2. Responding effectively to the economic dynamics of local markets. Health organizations that are migrating to value-based models must contend with the realities and limits of their local economies, the strategies of large employers for reducing their healthcare costs, concentration of the payer market and physician practice alignment.
3. Securing and growing market share. Gaining market share remains a big concern regardless of the pace of the payment model change. Providers must weigh market strategies, including consolidation and traditional and non-traditional partnership and strategic relationships, even as volume continues to drive a large share of revenue.
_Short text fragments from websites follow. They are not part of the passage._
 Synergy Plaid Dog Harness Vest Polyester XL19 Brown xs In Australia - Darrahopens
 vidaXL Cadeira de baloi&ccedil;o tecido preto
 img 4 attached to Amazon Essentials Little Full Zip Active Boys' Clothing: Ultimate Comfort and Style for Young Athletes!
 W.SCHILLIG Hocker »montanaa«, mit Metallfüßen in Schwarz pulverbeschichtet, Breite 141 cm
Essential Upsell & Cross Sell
4. Developing alternative revenue streams. Health systems with cash reserves and strong margins are better positioned to make investments that are related to, but not necessarily directly in support of, their core patient care business. Investments that can supplement declining revenue from payers can include ambulatory care centers, telemedicine, business software development and pharmaceutical research.
5. Containing core operating costs. Health executives continue to seek approaches to rein in the costs of their core operations, reduce utilization through standardization, and manage care variations. Even high-performing organizations can obtain additional cost containment by taking a systems approach that is rigorous and transparent.
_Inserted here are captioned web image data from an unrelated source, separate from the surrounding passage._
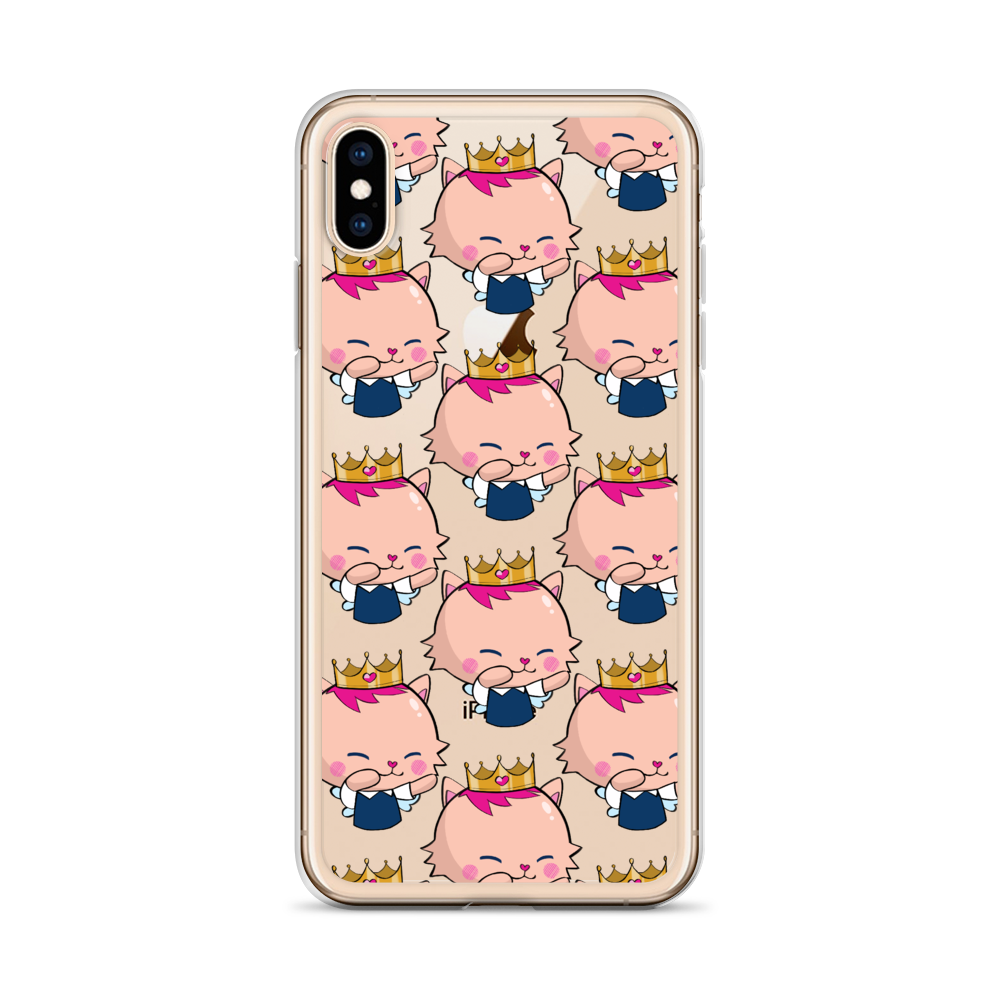 Lubella Cat Princess "Dab Queen" Kawaii Cute iPhone Case For All Models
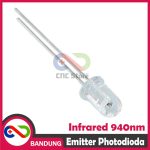 IR INFRARED INFRA RED LED PHOTODIODE EMITTER TRANSMITTER 940NM 5MM - Image 3
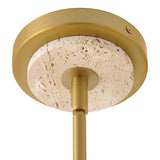 Bruna Chandelier - Lacquered Brass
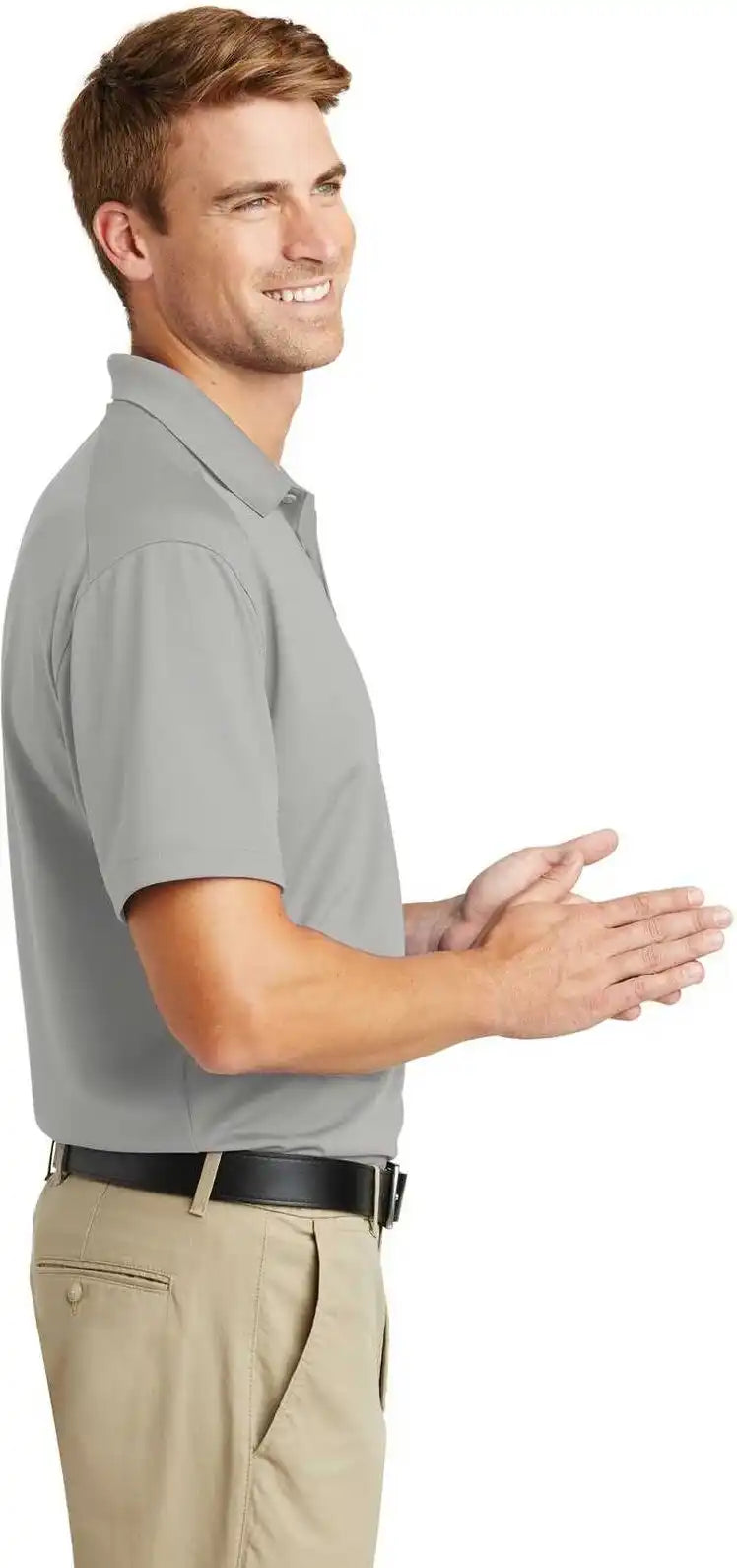 Cornerstone Cs418 Select Lightweight Snag-proof Polo - Light Gray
What are the implications for pathologists, especially those of us still in fee-for-service based groups? Since we are faced with these same challenges, how will we respond?
Speaking from my own recent experiences in both community hospital and academic medical center settings, pathologists are being increasingly asked to commit significant time and effort to intensively participate in reducing waste and improving appropriateness of care as it relates particularly to lab test utilization and blood utilization.
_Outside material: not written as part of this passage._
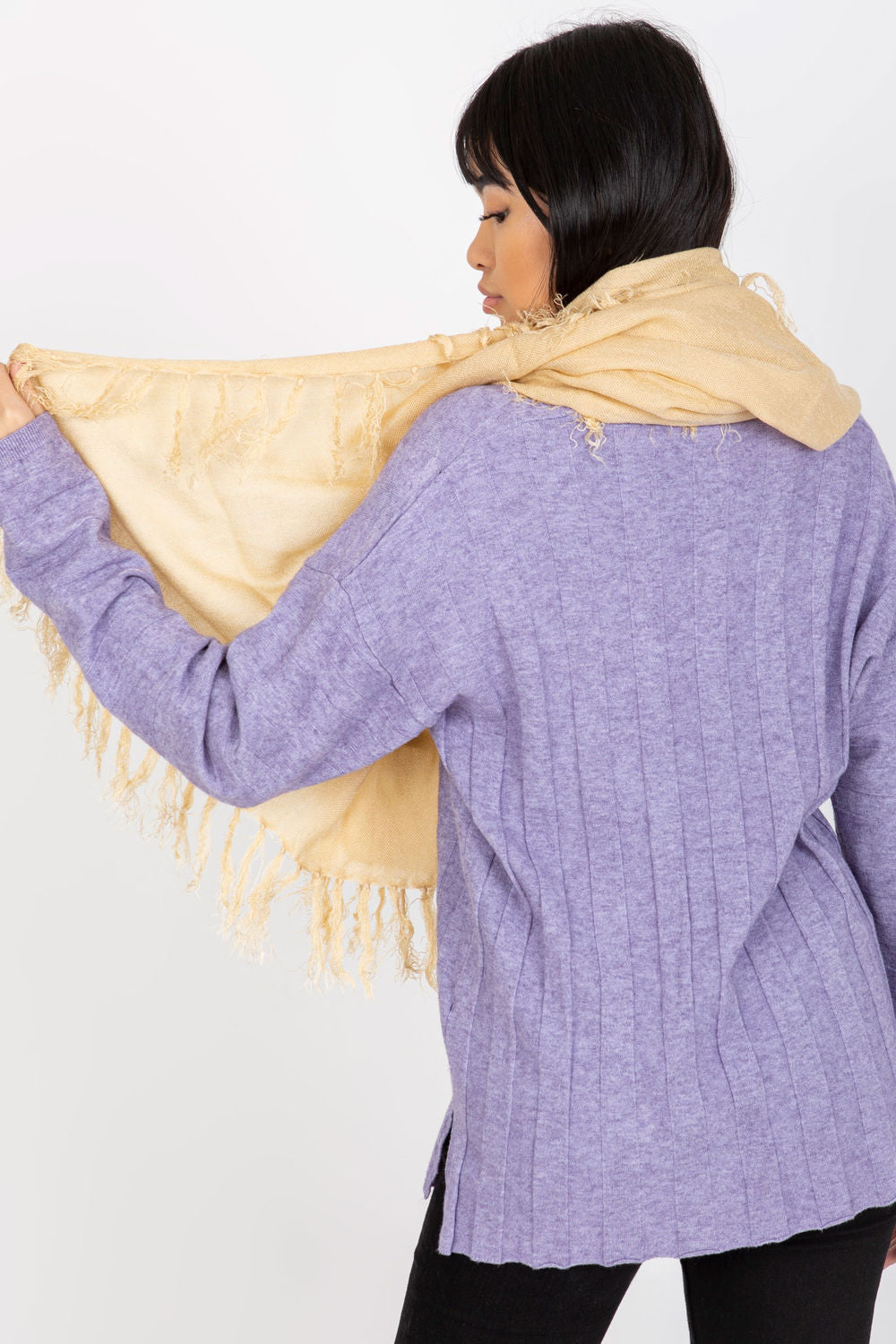 Châle femme AT — beige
However, there is currently a disconnection between direct and specific compensation this involvement and the work involved. Hospitals improve their financial performance (more $$$) but these doesn't seem to be any simoleans coming our ways for the effort. As Ms. Mosquera reported in an article last year, only about 10% of payments to hospitals and providers are "value-based." Moreover, of these payments, less than half (43%) give providers financial incentives without risk by offering a potential bonus or added payment to support higher quality care, while 57% put providers at financial risk for their performance if they do not meet certain quality and cost goals. I wonder, "what's in it for me?" when we bill for clinical pathology professional component--and yet the hospitals are asking me to "lend" my expertise and support to help their bottom line and put my bottom out there to tell clinicans they can't have a certain expensive test or a (probably unnecessary) blood product. Oh yes, I'm also supposed to educate my clinical colleagues on appropriate test and blood utilization. I guess we're supposed to be happy that we get the measly "Part A" payment from the hospital? or just have a job?
Pathology groups also need to closely look at #2 through 5 and work through these just as the hospitals are. Unfortunately, the local markets and opportunities for growing market share have been distorted and hurt by condo labs carved out by GI, urology and dermatology groups, national labs hoovering up local groups' AP work below cost, and national-based specialty-based AP companies. With recent dramatic cuts to 88305 and 88342, there is some hope of getting some of this work back into the community but it may take awhile to play out. Meanwhile, baby needs a new pair of shoes.
Alternative revenue streams are a more realistic possibility but will require creativity on the part of leaders and managers of pathology groups. A few will grasp these opportunities. Most seems to have a deer in headlights look and hope to hang on until retirement.
Containing costs means reducing personnel for groups to me since most of our other costs are more-or-less fixed, unless groups stop offering a range of benefits and shift that onto employees and partners (probably without a compensatory change in salary).
In the words of George Bailey, "Potter's not selling! Potter's buying!"